[Problem requirements] What you give back from the listing below should be an exact copy of the lines from the one with "Blue and Copper Art Glass Vase" down to the one with "Plaid Tie Handkerchief Set - B-DARK RED", and it should contain no pictures.

[Given entries]
--------------------------------------------------

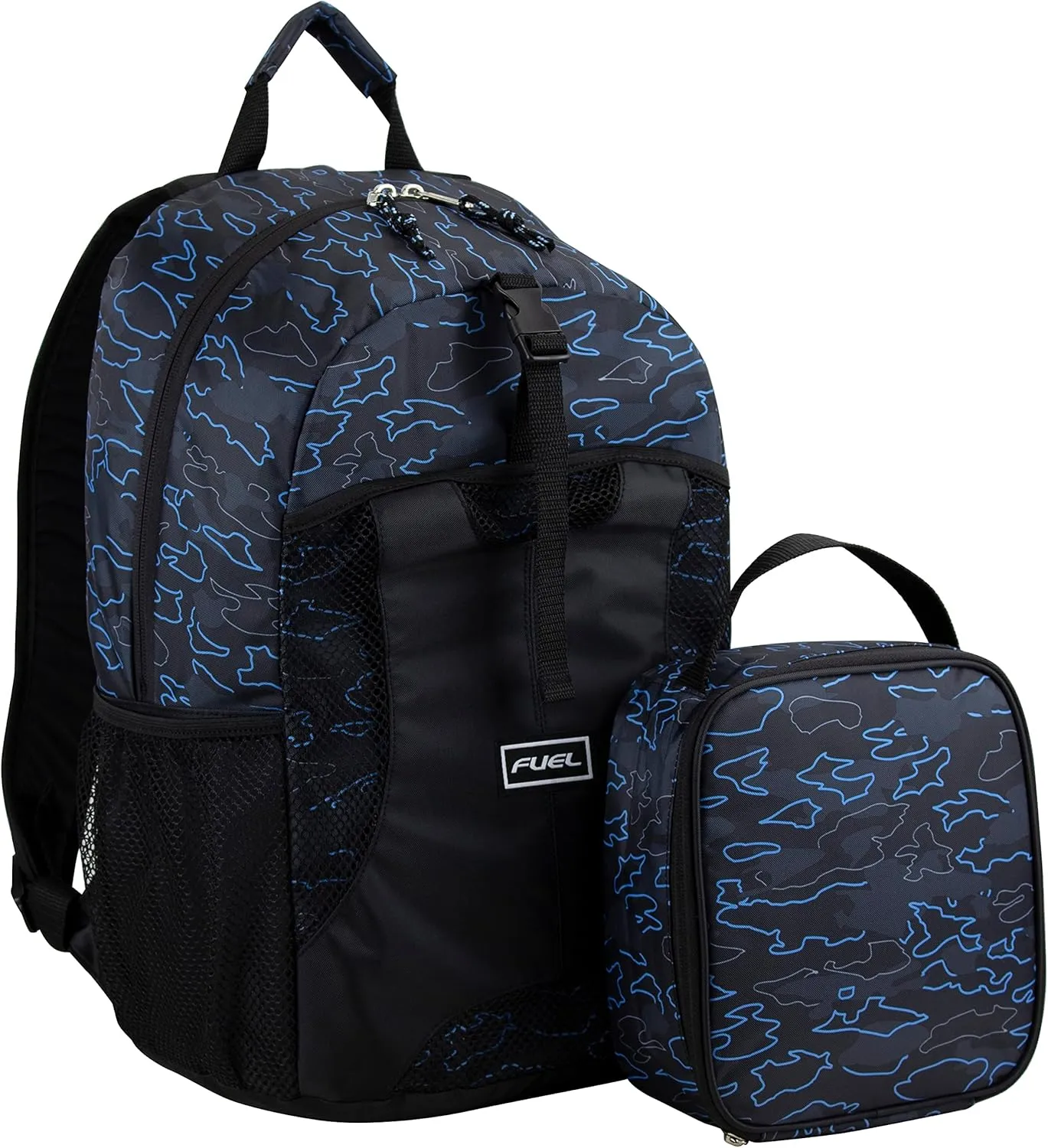 Fuel Lunch Backpack Set Teens Student Water Resistant Lunch Bookbag Bag Soft Reusable Insulated Cooler Lunch Box Travel Office Lunch Bag, Dark Blue Camo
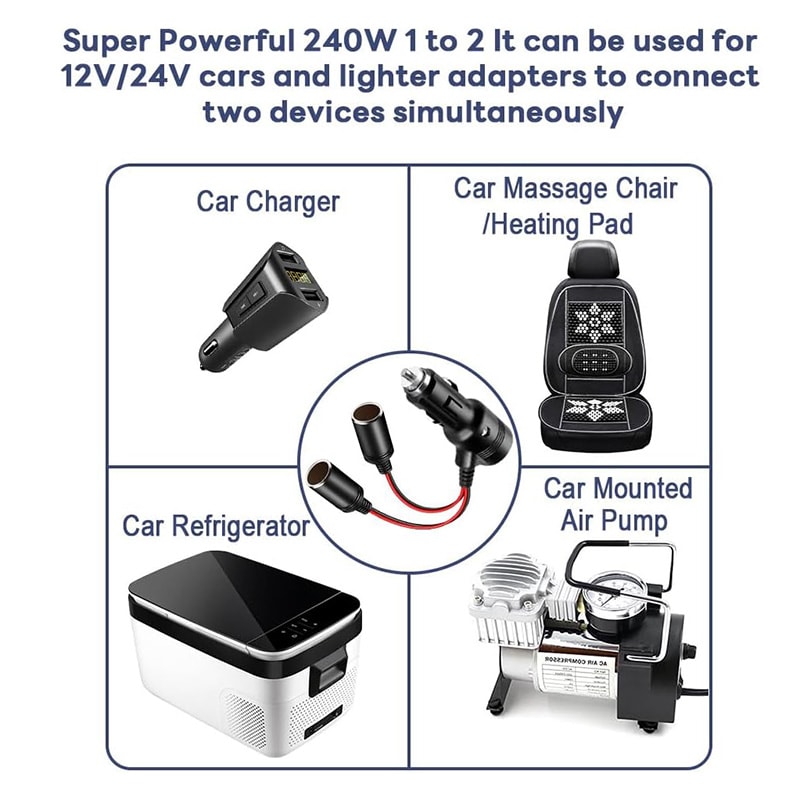 Dual Socket Car Power Splitter Adapter with Switch for GPS Phone Charger Dash Cam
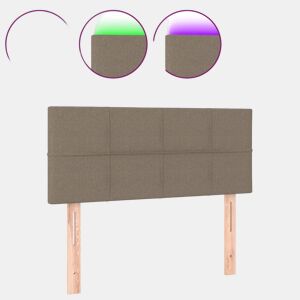 vidaXL Cabeceira cama luzes LED tecido 100x5x7888cm cinza-acastanhado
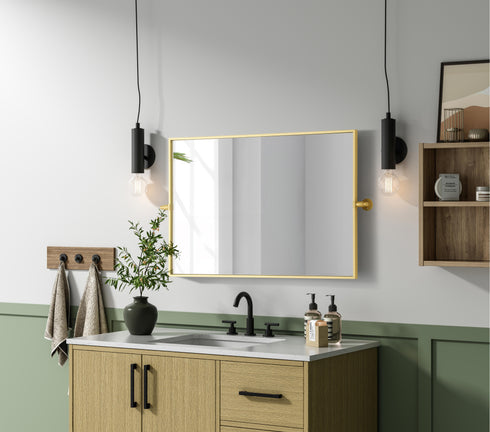 Elegant Lighting Amoura Metal Frame Mirror 24 Inch W x 36 Inch H in Brass Model: MR6H2436BRA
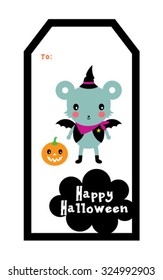 cute bat halloween tag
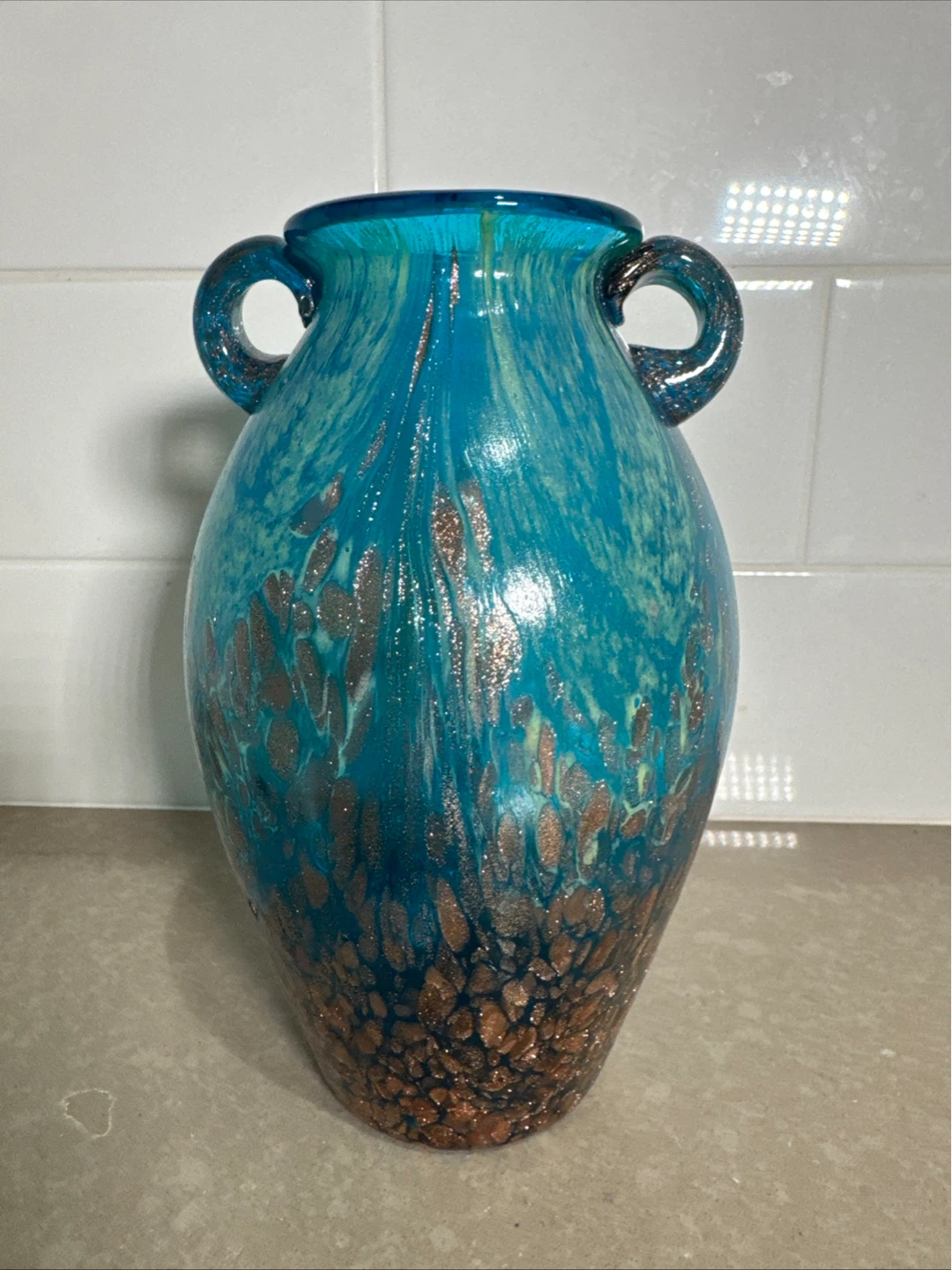 Blue and Copper Art Glass Vase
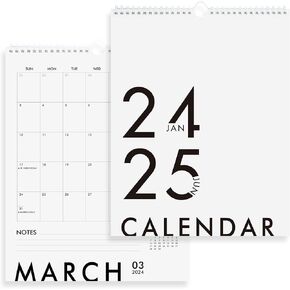 Horizontal Wall Calendar 2024-2025 | 18 Months Hanging Calendar (April 2024 to September 2025) Modern White Design with Beige Notes Section 11x13.5 Inches in Kuwait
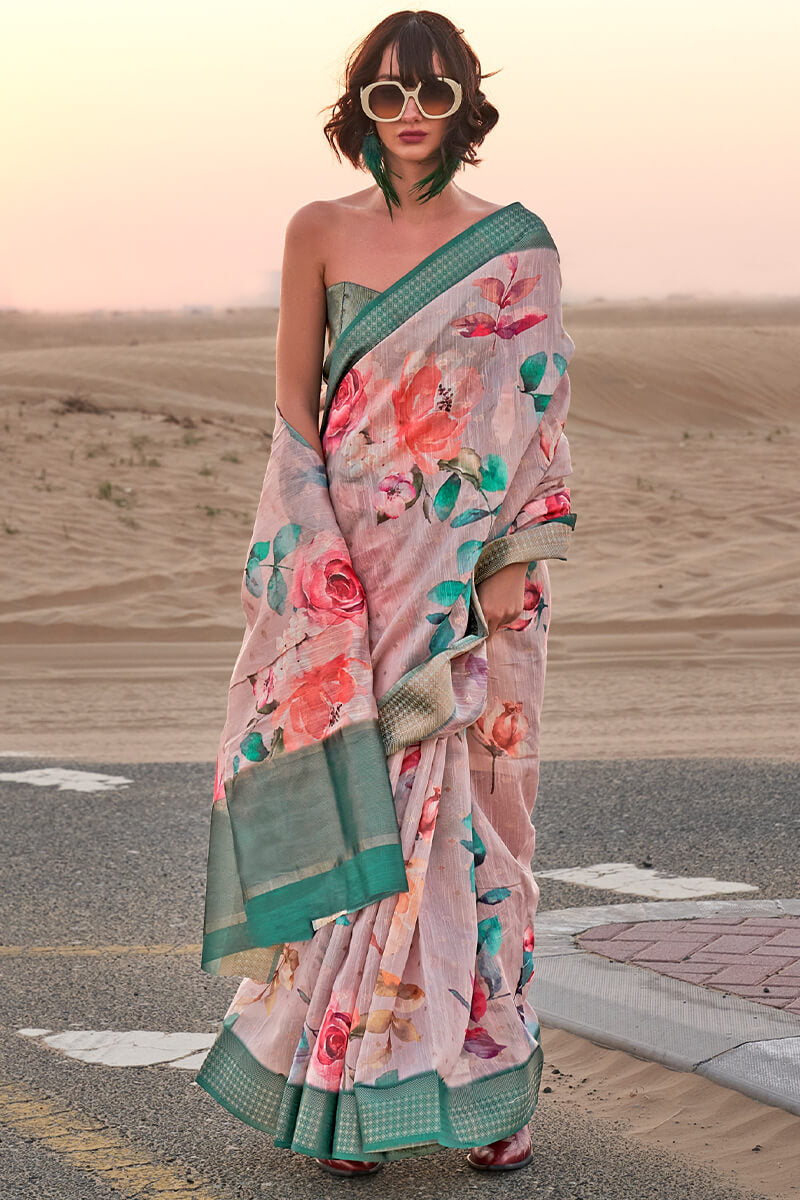 Greyish Pink Printed Linen silk saree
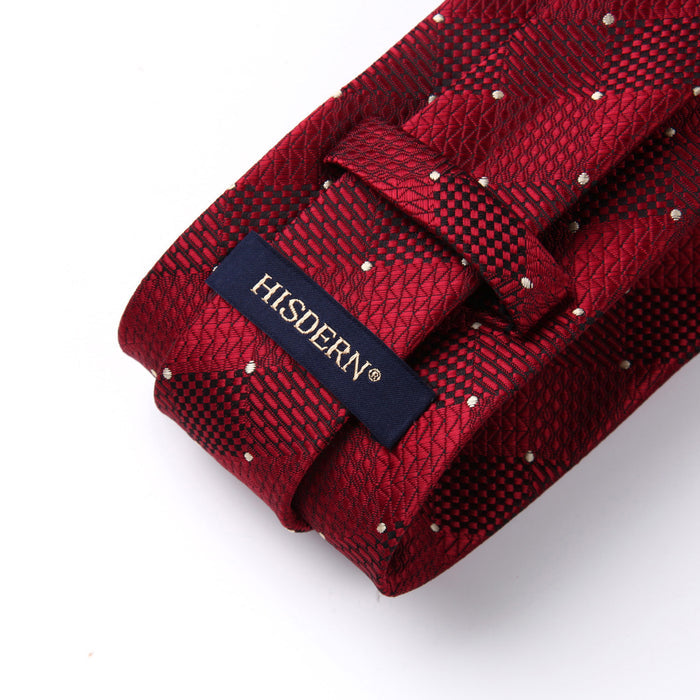 Plaid Tie Handkerchief Set - B-DARK RED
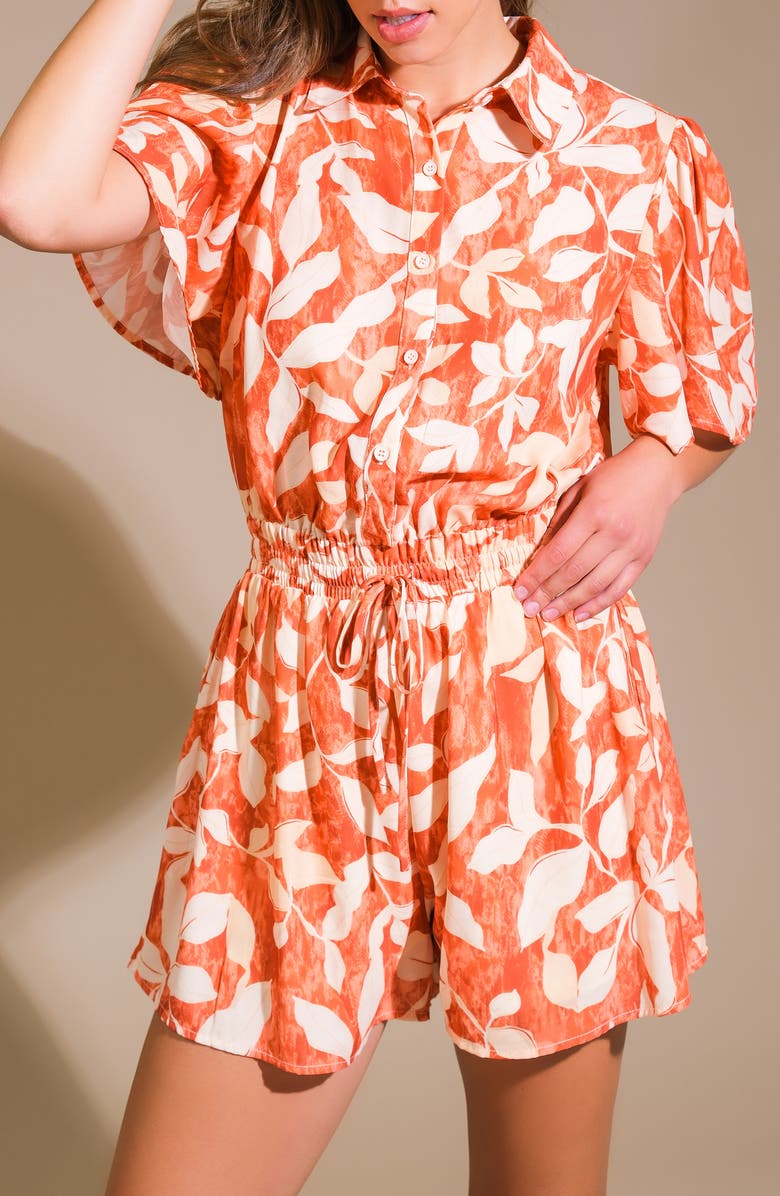 FLYING TOMATO Print Collared Romper, Alternate, color, Rust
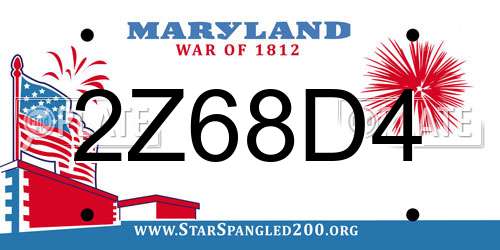 2Z68D4 Maryland License Plate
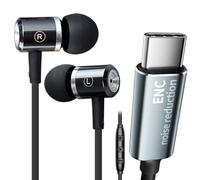 Écouteurs filaires à réduction de bruit ENC avec microphone et suppression du bruit, isolation du bruit, écouteurs filaires de type C avec audio haute fidélité DAC, fils durables en métal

--------------------------------------------------

[Expected answer]
 Blue and Copper Art Glass Vase
 Horizontal Wall Calendar 2024-2025 | 18 Months Hanging Calendar (April 2024 to September 2025) Modern White Design with Beige Notes Section 11x13.5 Inches in Kuwait
 Greyish Pink Printed Linen silk saree
 Plaid Tie Handkerchief Set - B-DARK RED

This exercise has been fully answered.